Word for word, restate the data that follows, omitting the images.
Start of DATA SEGMENT
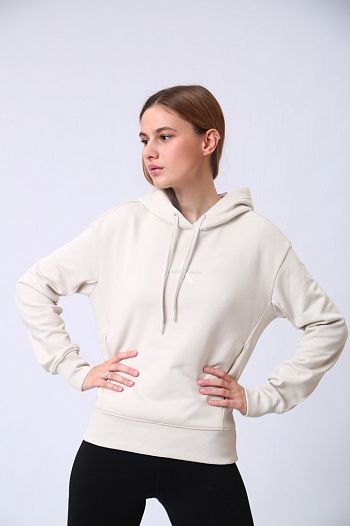 Худи хлопковое молочное  Calvin Klein Jeans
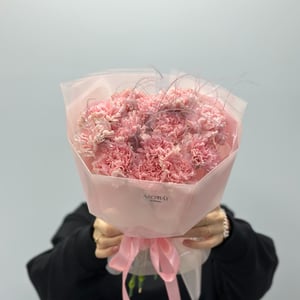 Букет из диантусов со стифой из гвоздик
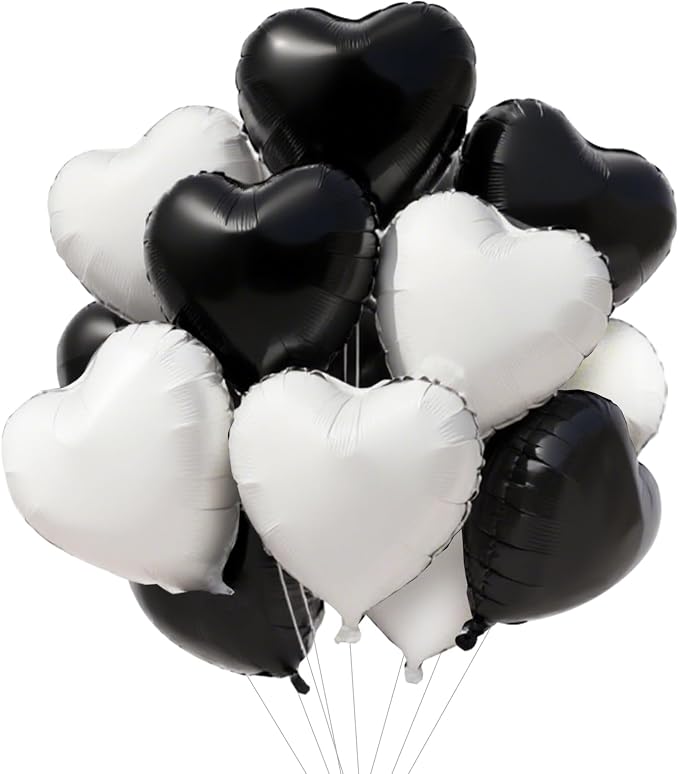 TONIFUL 15 Pcs Black White Heart Balloons 18 Inch Heart Shape Foil Balloon | by TONIFUL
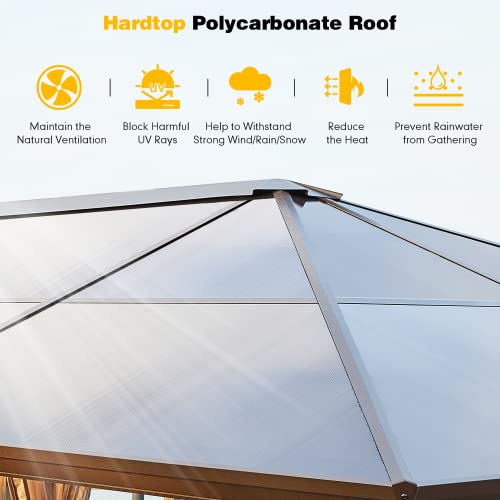 MELLCOM 10'x13' Hardtop Gazebo with Polycarbonate Double Roof, Aluminum Frame Outdoor Gazebo Permanent Pavilion with Curtains and Netting for Patio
End of DATA SEGMENT
**ANSWER SPACE**
 Худи хлопковое молочное  Calvin Klein Jeans
 Букет из диантусов со стифой из гвоздик
 TONIFUL 15 Pcs Black White Heart Balloons 18 Inch Heart Shape Foil Balloon | by TONIFUL
 MELLCOM 10'x13' Hardtop Gazebo with Polycarbonate Double Roof, Aluminum Frame Outdoor Gazebo Permanent Pavilion with Curtains and Netting for Patio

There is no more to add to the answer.